Com os poucos dados científicos que temos e pela observação empírica, já está claro que o “povo” que protagonizou as manifestações pelo país foi o que se costuma chamar de “classe média”, pontuados por participações de outras mais elitistas e outras mais subalternas. Ao que parece, nem mesmo a “nova classe média” ou “classe C” – que possui renda familiar per capita entre R$ 300 a R$ 1000, e tem baixa escolaridade – engrossou as marchas ruidosas.

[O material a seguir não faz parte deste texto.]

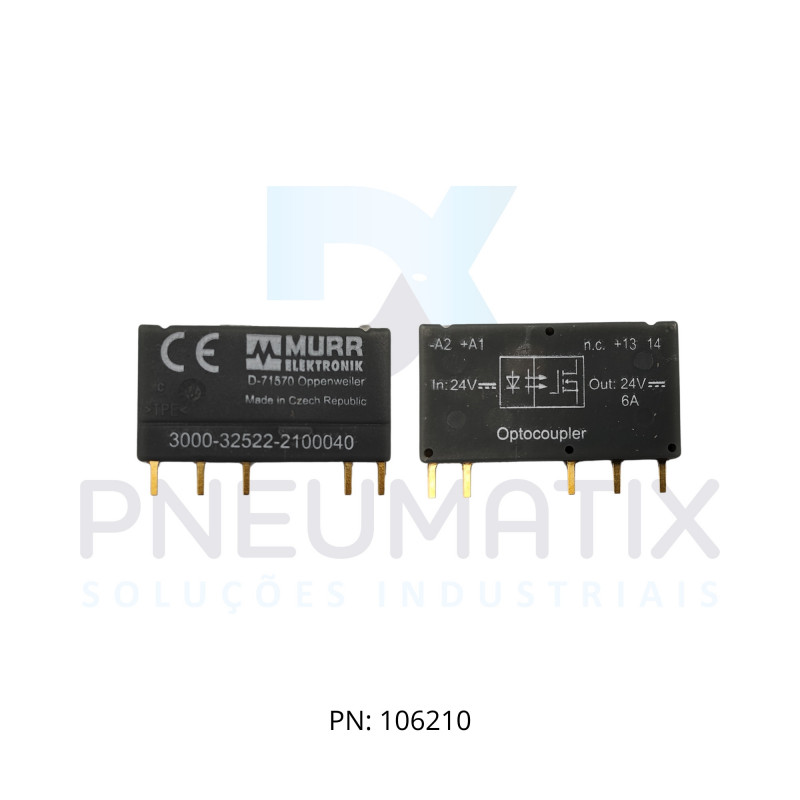 RELE OPTO. ACOPLADOR 24VCC SAIDA 24VCC 6A 332522-2100040 MURRELEKTRONIK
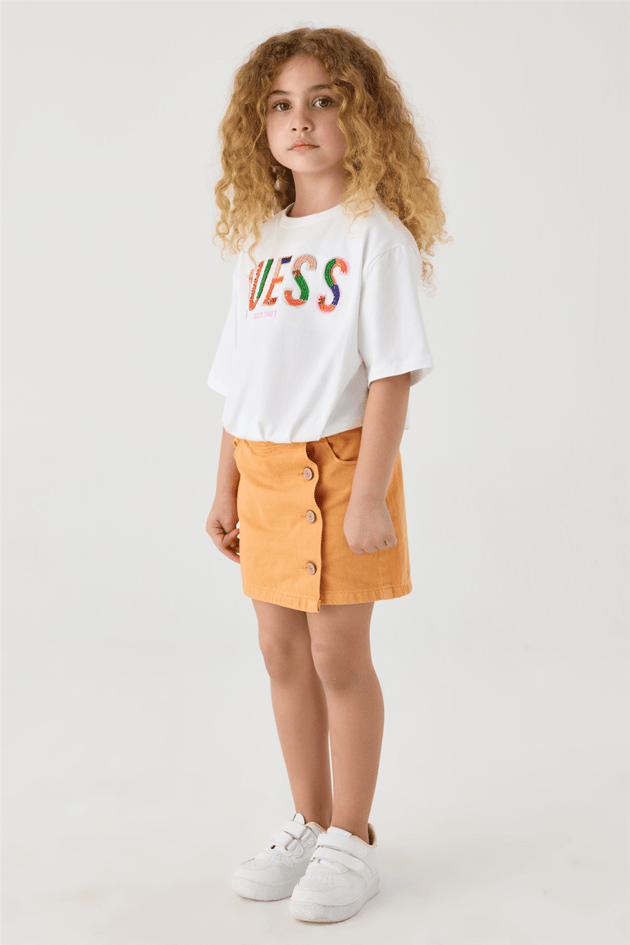 Guess Girl Orange Shorts Skirt Guess Girl Orange Shorts Skirt 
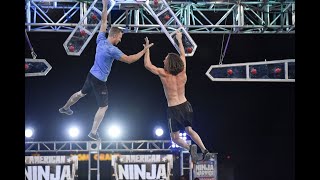 geoff britten vs issac caldiero on the duel doornob dropAmerican Ninja Warrior 2019 [upl. by Eiramacissej]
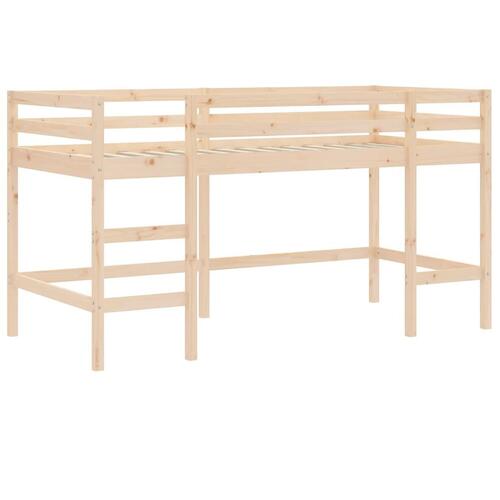 Højseng med gardiner 80x200 cm massivt fyrretræ blå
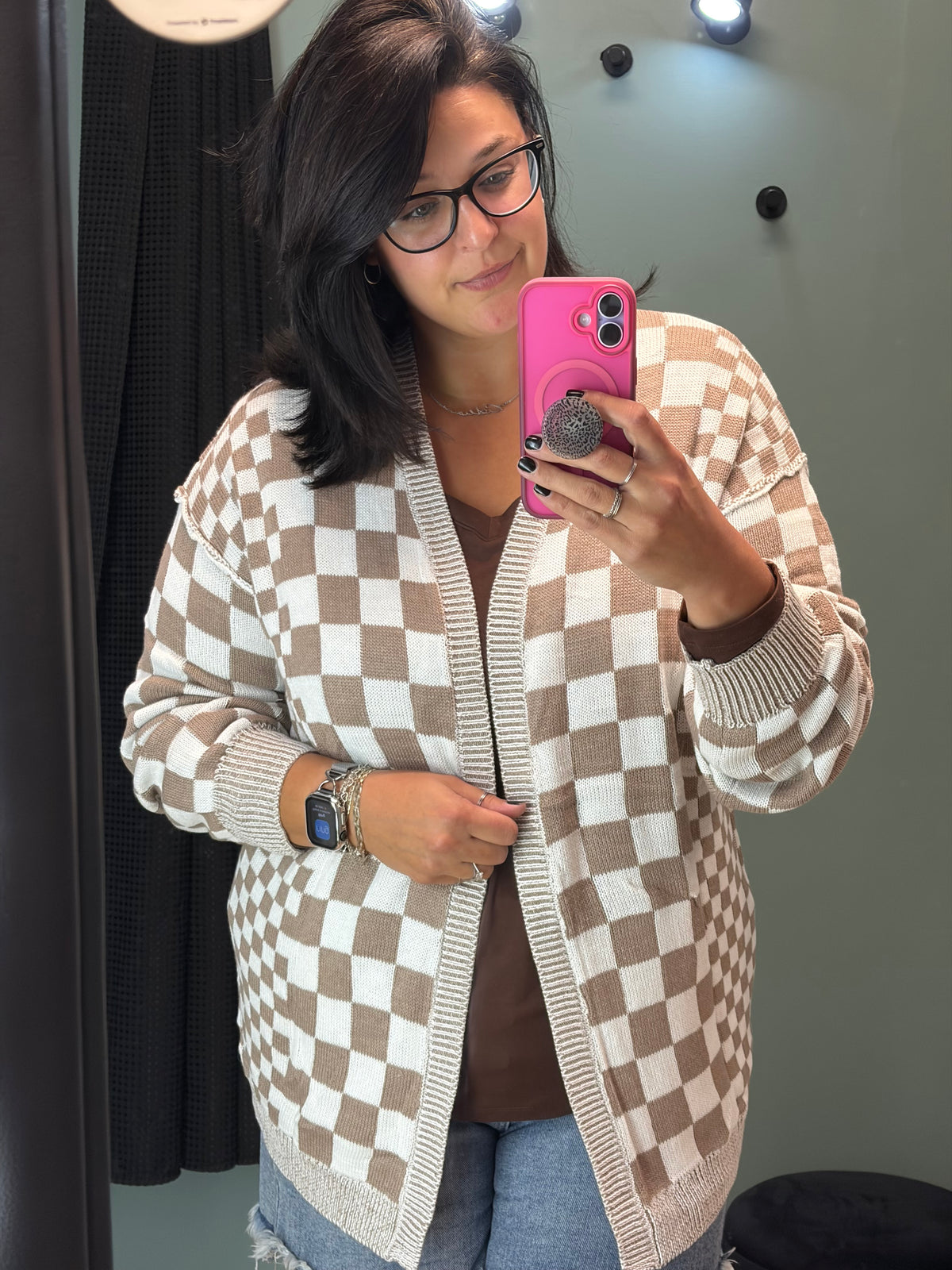 Checkered Open Front Cardigan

Podemos depreender isso da única análise parcial de perfil feita pelo Datafolha (FSP, dia 21/6/13) no protesto do dia 20/6/13 em São Paulo. Lá verificou-se que “78% dos manifestantes da Av. Paulista têm Ensino Superior, 20% Médio e 2% Fundamental”. Se considerarmos que no último censo do IBGE de 2010 a fatia da população com nível superior era de 7,9% podemos concluir que o protesto de São Paulo era elitizado e não representou a “massa” pobre e trabalhadora do país.
Embora com menos rigor científico, podemos concluir também que esse perfil foi o padrão em outros cantos do país, a partir da observação empírica. Todas as manifestações possuíam as mesmas características: eram movidas por espontaneísmo, tinham ausência de líderes, multiplicidade de pautas, pautas genéricas, cartazes individuais, e de maioria branca.
Tudo leva a crer que o “gigante que acordou” foi então uma fatia da classe média. Apenas uma fatia, pois como mostra a pesquisa Ibope publicada pela Revista Época (de 21/6/13): 6% da população afirmou ter ido a manifestações. Nesse sentido, podemos concluir que foi uma parte da classe média brasileira que se levantou. Apesar disso, foi o suficiente (principalmente para mídia conservadora e de oposição) para “impressionar”, ter aparência de totalidade, de “unanimidade”, frente a ausência de protestos dessa ordem em nossa história recente. (Contudo em nossos dias, com o tamanho da população do país, os protestos de massa precisam ser redimensionados para representarem uma totalidade. Se chegamos a 1,2 milhões de pessoas na última quinta, seriam necessários pelo menos 10 vezes mais para ser constituído por outras classes sociais proporcionalmente, pois estamos falando de um país continental.)
O despertar, entretanto, se justifica, para essa fatia social, pois de fato não há registros de tamanha manifestação pública desde a passeata por deus, pela família e pela propriedade da década de 60.
Mas por que uma parte da classe média foi para as ruas? Se considerarmos em termos materiais, nos últimos 10 anos, sua qualidade de vida e renda aumentaram, como mostra o PNAD do IBGE de 2010. Ou mesmo em pesquisas da FGV. E como também fica claro na pesquisa Ibope publicada pela Revista Época (de 21/6/13) que mostra que, mesmo entre as pessoas que apoiam os protestos, 69% está satisfeita com sua vida atual e 39% tem expectativas positivas de futuro. Por que, então, protestar?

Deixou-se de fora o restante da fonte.